The language in this amendment is not a reflection of federal law as claimed, nor is it supported by the case law David Fowler cited. Tinker was a case about students who wore black armbands to protest the Vietnam War. In Tinker, the Court distinguished between passive, non-aggressive expressions of opinions and disruptive behavior:
“The school officials banned and sought to punish petitioners for a silent, passive expression of opinion, unaccompanied by any disorder or disturbance on the part of petitioners. There is here no evidence whatever of petitioners' interference, actual or nascent, with the schools' work or of collision with the rights of other students to be secure and to be let alone. Accordingly, this case does not concern speech or action that intrudes upon the work of the schools or the rights of other students.” (Tinker, 393 U. S. 503, 508 (1969))

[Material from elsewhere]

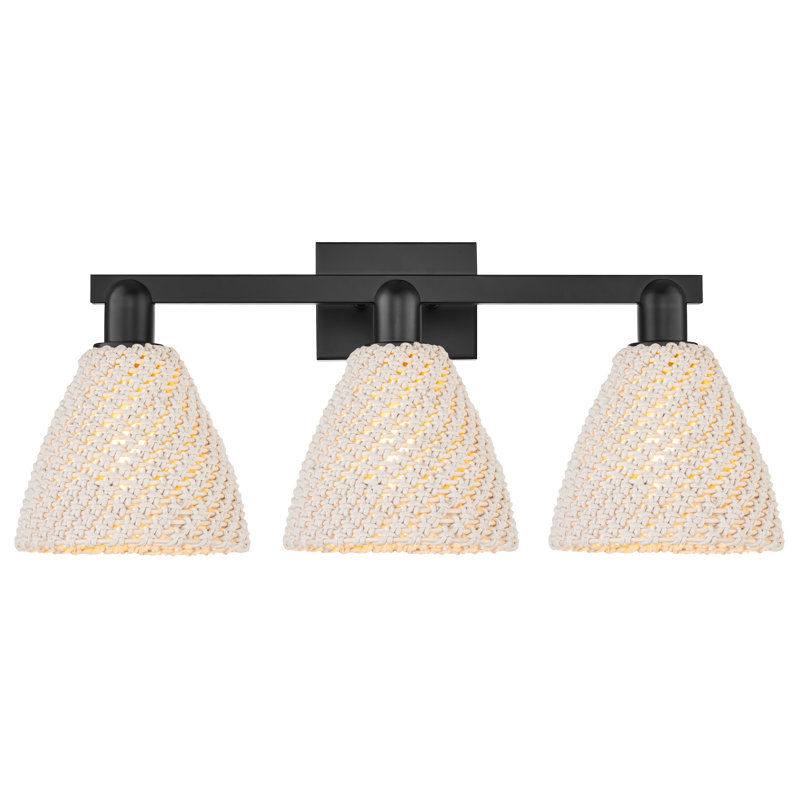 Éclairage pour meuble-lavabo avec abat-jour en fibres naturelles Ciesla, H 11,25 po x l 26 po x P 8 po, Noir mat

Bullying is not silent, or passive. Bullying is aggressive and carries intent to intimidate, harass and/or harm another student. Bullying infringes on the rights of another student. Bullying intrudes upon the work of the schools, creating a hostile environment that impedes the ability of the victim to learn in a safe environment.
Zamecnik was about t-shirts being worn by students that said “Be Happy, Not Gay”. The 7th Circuit did not find that the wearing of these t-shirts posed a risk of a substantial disruption of the educational environment. Like Tinker, this case does not support Mr. Fowler’s position either, although the distinction is harder to find without an example:
Let’s suppose my son wears a t-shirt to school that says “Libertarians like RON PAUL Worship that Atheist Whore of Babylon, AYN RAND” on the back. The shirt has this picture on the front:
Technically, this is an expression of religious, philosophical, and political speech. Legally, he can wear it every day to school, despite the fact that many of the kids in his class are admitted Libertarians and come from Libertarian families. What my son cannot do is corner a kid at his locker, in the lunchroom, or in the classroom and say to him “Ayn Rand was an atheist, and you and your parents are going to burn in hell for being Libertarians, you sinner!” That would be horrid, ugly, and bullying, and for the record, I wouldn't let my kid wear a shirt like this, nor speak to another student in this manner without getting into nine kinds of trouble from his father and me.
Why is wearing the t-shirt okay and the hypothetical statement isn’t? While the t-shirt may make various people disgusted or angry, it is a general statement of a position and displayed to everyone equally. The statement, however, is directed at a particular student and intended to cause harm or intimidate. The t-shirt is unlikely to create such a hostile educational environment that other students would be unable to learn. The statements created a specific harm to a specific student, and create a hostile educational environment for the intended victim.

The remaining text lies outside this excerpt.